(GIVEN ENTRIES Opens)

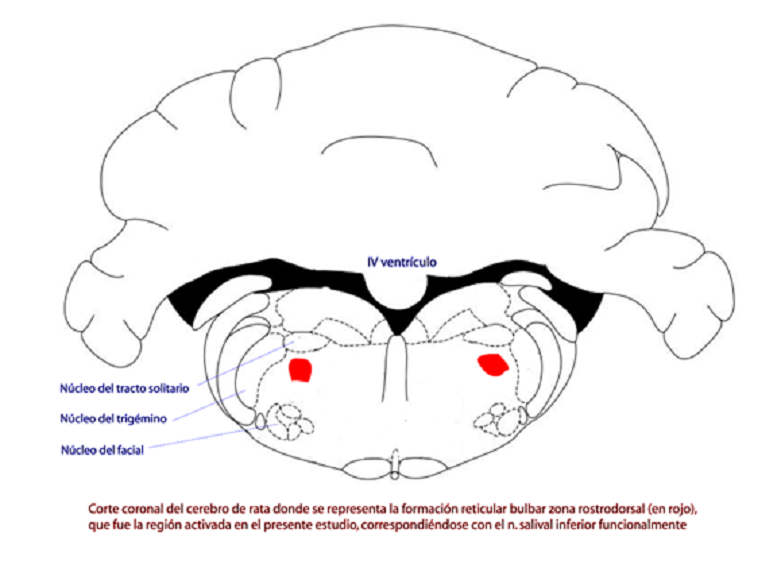 Corte coronal del cerebro, formación reticular bulbar zona rostrodorsal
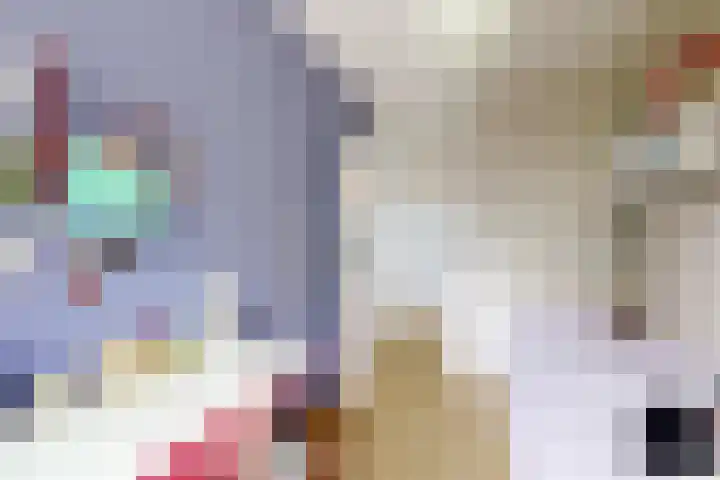 Rosmolen 24 Zevenbergen thumbnail 35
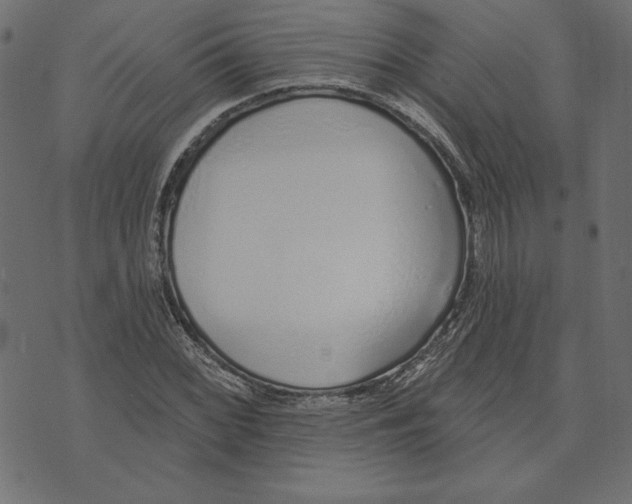 X0000072941068200608181335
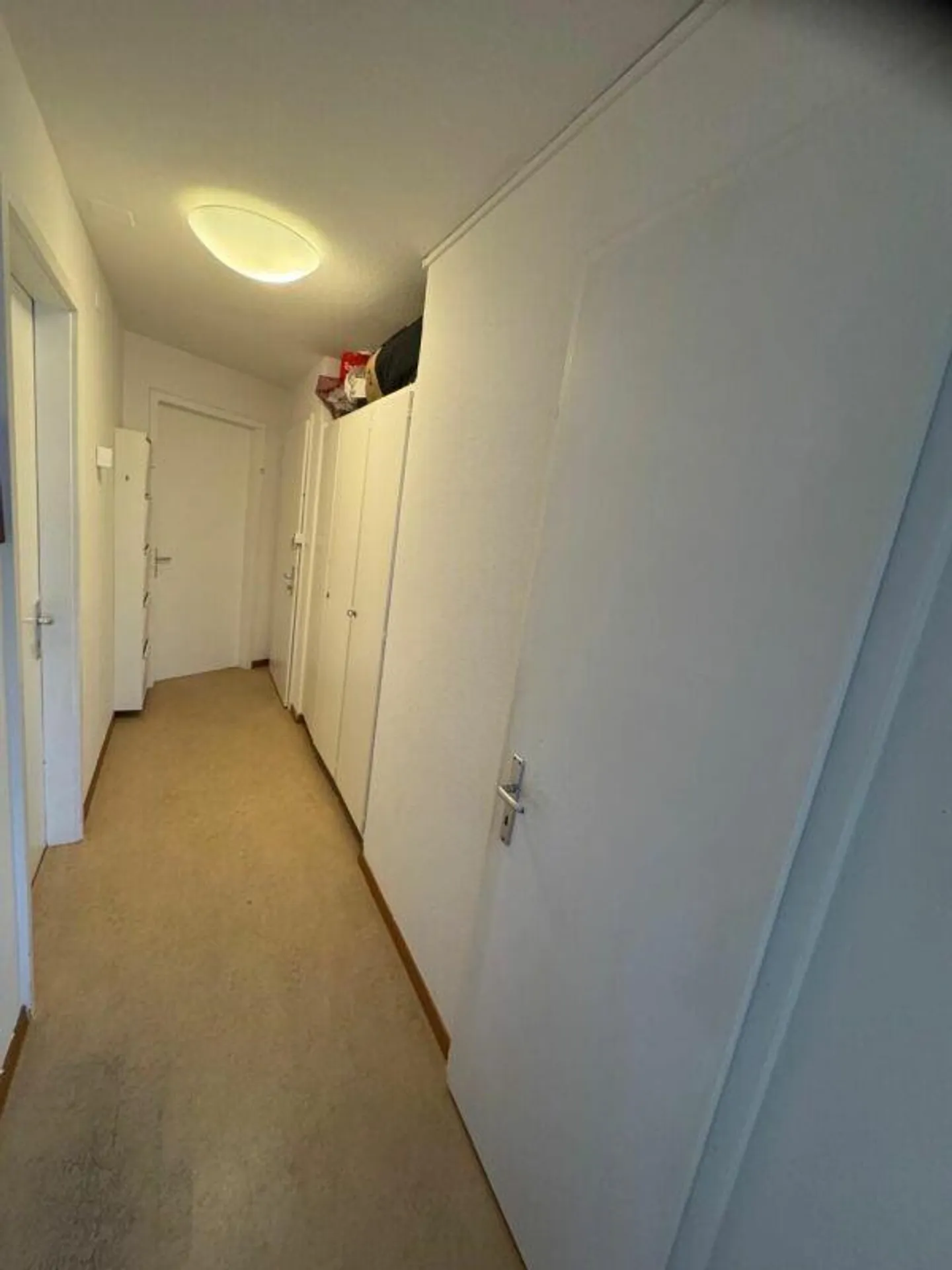 Bright 3.0 room apartment for rent copy - Photo 9 of 9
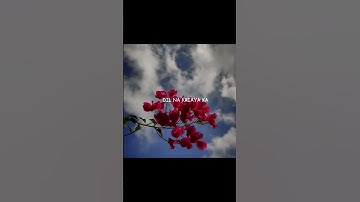 Thumbnail of SAHIBA ✨ || Sahiba song lyrics #song #trending #sahiba || aesthetic songs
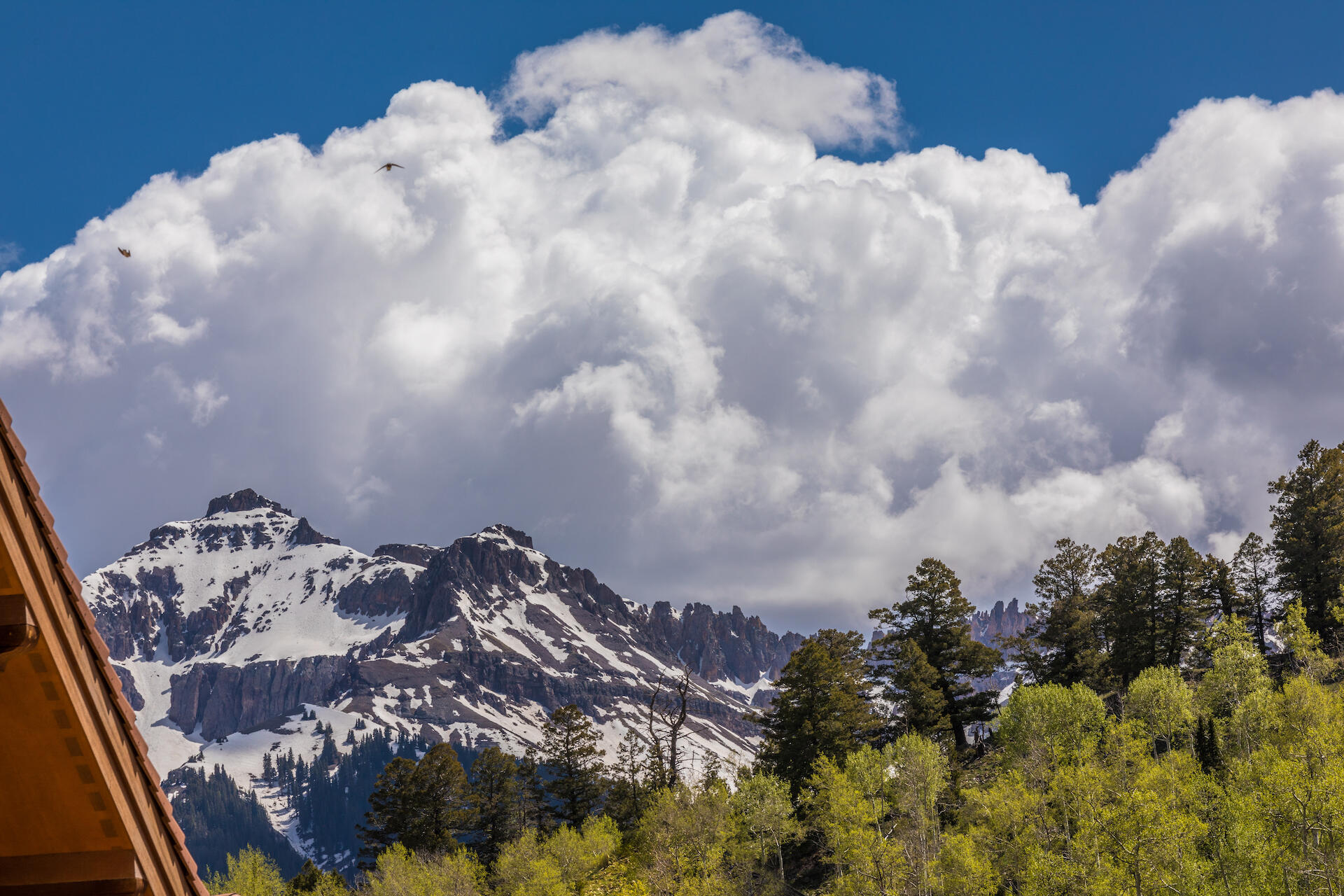 568 Mountain Village Boulevard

(GIVEN ENTRIES Closes)

# PROBLEM
The copy should hold exactly the lines from the line containing "Bright 3.0 room" through the end of the data, both ends included, and no pictures.

# ANSWER
 Bright 3.0 room apartment for rent copy - Photo 9 of 9
 Thumbnail of SAHIBA ✨ || Sahiba song lyrics #song #trending #sahiba || aesthetic songs
 568 Mountain Village Boulevard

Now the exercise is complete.